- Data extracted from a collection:
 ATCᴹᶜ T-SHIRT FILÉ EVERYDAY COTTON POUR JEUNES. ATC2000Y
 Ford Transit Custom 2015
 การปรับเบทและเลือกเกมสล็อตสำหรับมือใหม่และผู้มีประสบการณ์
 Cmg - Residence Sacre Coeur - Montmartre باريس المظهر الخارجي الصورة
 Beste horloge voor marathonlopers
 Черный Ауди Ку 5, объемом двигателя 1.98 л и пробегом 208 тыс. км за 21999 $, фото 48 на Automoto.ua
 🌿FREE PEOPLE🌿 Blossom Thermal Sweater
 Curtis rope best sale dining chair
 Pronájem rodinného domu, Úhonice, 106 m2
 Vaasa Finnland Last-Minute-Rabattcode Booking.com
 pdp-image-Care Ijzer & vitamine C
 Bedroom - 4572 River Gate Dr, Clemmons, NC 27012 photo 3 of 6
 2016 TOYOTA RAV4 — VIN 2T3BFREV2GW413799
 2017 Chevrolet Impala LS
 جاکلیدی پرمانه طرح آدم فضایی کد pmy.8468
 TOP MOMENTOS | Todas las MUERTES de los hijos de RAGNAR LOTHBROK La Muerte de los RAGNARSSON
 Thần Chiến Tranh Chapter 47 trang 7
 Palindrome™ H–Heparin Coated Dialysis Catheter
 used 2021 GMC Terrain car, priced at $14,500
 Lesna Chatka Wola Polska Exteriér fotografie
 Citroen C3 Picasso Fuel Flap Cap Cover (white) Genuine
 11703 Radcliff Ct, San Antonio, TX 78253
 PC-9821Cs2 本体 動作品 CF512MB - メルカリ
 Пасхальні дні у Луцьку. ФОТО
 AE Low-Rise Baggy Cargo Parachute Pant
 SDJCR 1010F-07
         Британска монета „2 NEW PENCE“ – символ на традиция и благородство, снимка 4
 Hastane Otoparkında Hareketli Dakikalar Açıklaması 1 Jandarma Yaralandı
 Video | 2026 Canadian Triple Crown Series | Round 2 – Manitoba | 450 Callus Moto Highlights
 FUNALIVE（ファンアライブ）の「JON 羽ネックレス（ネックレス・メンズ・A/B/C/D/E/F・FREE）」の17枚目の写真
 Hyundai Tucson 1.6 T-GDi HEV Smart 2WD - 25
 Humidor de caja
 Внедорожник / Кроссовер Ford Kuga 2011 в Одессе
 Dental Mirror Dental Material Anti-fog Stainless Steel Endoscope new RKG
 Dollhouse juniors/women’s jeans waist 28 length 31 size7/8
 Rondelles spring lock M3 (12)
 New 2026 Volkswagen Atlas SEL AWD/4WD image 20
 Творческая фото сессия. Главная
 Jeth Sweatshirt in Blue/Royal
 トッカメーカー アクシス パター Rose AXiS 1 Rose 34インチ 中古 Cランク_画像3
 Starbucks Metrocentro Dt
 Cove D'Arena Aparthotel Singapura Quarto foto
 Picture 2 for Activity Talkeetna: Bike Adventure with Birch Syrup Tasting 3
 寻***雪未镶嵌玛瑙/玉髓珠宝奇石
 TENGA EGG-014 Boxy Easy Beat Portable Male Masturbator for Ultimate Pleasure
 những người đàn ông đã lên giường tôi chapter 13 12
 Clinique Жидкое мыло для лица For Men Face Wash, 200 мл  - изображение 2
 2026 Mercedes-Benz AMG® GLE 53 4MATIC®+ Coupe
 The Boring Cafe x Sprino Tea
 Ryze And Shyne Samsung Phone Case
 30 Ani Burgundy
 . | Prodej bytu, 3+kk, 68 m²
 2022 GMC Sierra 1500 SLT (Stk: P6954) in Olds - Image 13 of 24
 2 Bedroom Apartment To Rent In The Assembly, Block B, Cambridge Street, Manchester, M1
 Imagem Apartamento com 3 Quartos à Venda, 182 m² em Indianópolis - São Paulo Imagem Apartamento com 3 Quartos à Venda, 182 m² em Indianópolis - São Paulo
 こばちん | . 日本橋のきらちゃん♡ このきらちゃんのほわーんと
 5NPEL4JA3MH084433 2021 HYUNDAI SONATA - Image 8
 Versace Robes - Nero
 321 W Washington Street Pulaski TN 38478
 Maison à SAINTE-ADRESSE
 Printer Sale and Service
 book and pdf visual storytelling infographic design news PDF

- WHAT IS REQUIRED: Could you retype exactly the lines from the one containing "5NPEL4JA3MH084433 2021 HYUNDAI" through the final line of the data above, and no others?

- EXERCISE RESULT:
 5NPEL4JA3MH084433 2021 HYUNDAI SONATA - Image 8
 Versace Robes - Nero
 321 W Washington Street Pulaski TN 38478
 Maison à SAINTE-ADRESSE
 Printer Sale and Service
 book and pdf visual storytelling infographic design news PDF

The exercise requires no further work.